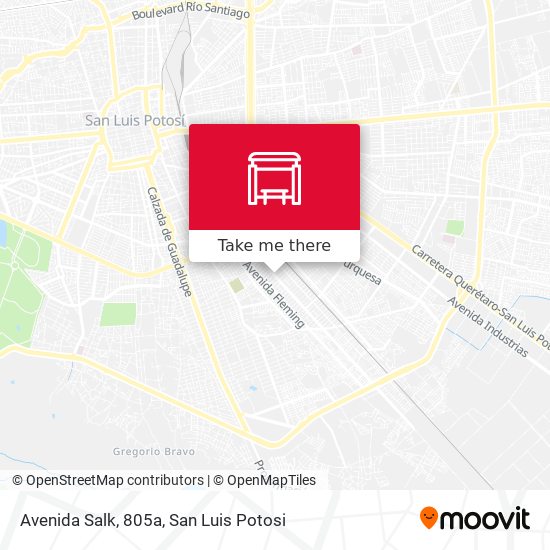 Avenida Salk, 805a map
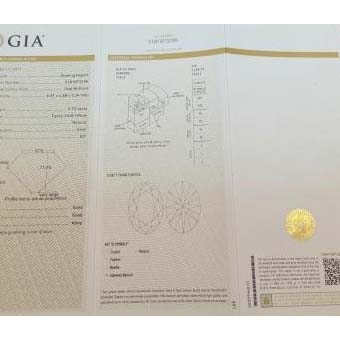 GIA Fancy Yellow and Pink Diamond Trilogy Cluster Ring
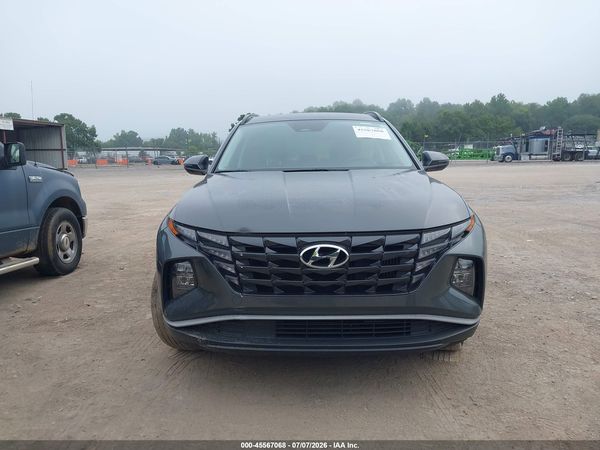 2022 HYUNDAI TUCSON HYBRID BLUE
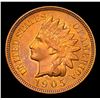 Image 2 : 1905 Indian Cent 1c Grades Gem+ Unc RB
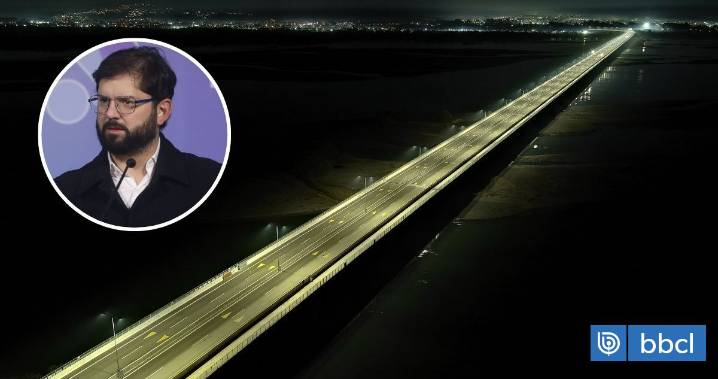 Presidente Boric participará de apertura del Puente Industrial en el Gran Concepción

## YOUR OBJECTIVE
When the line that holds "GIA Fancy Yellow" is reached, begin duplicating exactly, and continue through the last line of the listing, skipping the pictures; output nothing else.

## RESULT FOR THIS EXERCISE
 GIA Fancy Yellow and Pink Diamond Trilogy Cluster Ring
 2022 HYUNDAI TUCSON HYBRID BLUE
 Image 2 : 1905 Indian Cent 1c Grades Gem+ Unc RB
 Presidente Boric participará de apertura del Puente Industrial en el Gran Concepción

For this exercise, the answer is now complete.